# My Puppies 2 weeks old tomorrow



## leoti (Dec 9, 2007)

Louie








Isis








Bruce








Loki








Badger








Shamen


----------



## chestersmum (Sep 18, 2009)

they are just adorable...you must be very proud


----------



## FREE SPIRIT (Jul 8, 2009)

They are so cute


----------



## Spellweaver (Jul 17, 2009)

Anne - they are just beautiful :drool::drool::001_wub::001_wub::drool::drool: and a real credit to you. And I love their names - although calling a border collie puppy Loki is just asking for trouble imo  (for those who don't know Loki is the trickster of the gods!) How can two weeks have passed already??!!


----------



## leoti (Dec 9, 2007)

Spellweaver said:


> Anne - they are just beautiful :drool::drool::001_wub::001_wub::drool::drool: and a real credit to you. And I love their names - although calling a border collie puppy Loki is just asking for trouble imo  (for those who don't know Loki is the trickster of the gods!) How can two weeks have passed already??!!


I dont know were the time has gone Val but there hearing tests and eye tests are all booked and tomorrow they will be wormed for the first time and am so proud of Leoti she is doing a great job with them and i used to own a very loyal GSD called Loki and i like the name they all have good weights the heaviest weighs 2lb 8oz and the lightest weighs 2lb 2oz


----------



## ShannonLouise. (Feb 2, 2009)

I bet they have grown so much from when they where born haha.

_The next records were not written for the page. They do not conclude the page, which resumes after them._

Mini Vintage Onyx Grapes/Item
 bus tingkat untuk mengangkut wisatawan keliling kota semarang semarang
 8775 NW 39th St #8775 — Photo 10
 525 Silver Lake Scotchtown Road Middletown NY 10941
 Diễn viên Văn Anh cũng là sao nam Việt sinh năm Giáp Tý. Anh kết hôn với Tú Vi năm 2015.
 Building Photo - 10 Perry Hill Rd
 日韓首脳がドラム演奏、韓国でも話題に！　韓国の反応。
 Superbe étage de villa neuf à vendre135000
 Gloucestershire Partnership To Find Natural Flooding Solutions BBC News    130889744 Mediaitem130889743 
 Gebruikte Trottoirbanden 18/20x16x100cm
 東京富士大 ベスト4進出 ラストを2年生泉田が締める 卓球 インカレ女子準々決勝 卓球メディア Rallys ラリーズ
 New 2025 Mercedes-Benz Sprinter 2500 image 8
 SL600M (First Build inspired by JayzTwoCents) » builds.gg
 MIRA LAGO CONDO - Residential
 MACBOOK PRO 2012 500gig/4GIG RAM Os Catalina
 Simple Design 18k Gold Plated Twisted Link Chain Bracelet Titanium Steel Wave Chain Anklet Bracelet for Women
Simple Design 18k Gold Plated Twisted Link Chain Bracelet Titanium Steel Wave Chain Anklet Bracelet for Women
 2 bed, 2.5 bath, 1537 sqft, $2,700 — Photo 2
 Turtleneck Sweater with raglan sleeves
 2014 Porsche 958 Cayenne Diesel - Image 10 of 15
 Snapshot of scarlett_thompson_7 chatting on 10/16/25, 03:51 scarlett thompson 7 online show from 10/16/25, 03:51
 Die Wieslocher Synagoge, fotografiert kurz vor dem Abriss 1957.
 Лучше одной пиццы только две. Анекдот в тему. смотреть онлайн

I love the name Badger and Loki gorgeous 
Have fun! :001_tt2:


----------



## Jazzy (Apr 15, 2009)

Just gorgeous. :001_wub::001_wub::001_wub::001_wub:


----------



## Vixie (Nov 17, 2007)

they are looking gorgeous, I can't believe how quickly the time has gone


----------



## colliemerles (Nov 2, 2007)

they are so cute, just gorgeous,


----------



## Elmo the Bear (Oct 3, 2008)

They're beautiful... loving the name "Shamen"


----------



## Yourgifts Ourgifts (Apr 12, 2009)

Stunning Pics..


----------



## canuckjill (Jun 25, 2008)

Nice chunky puppies....Jill


----------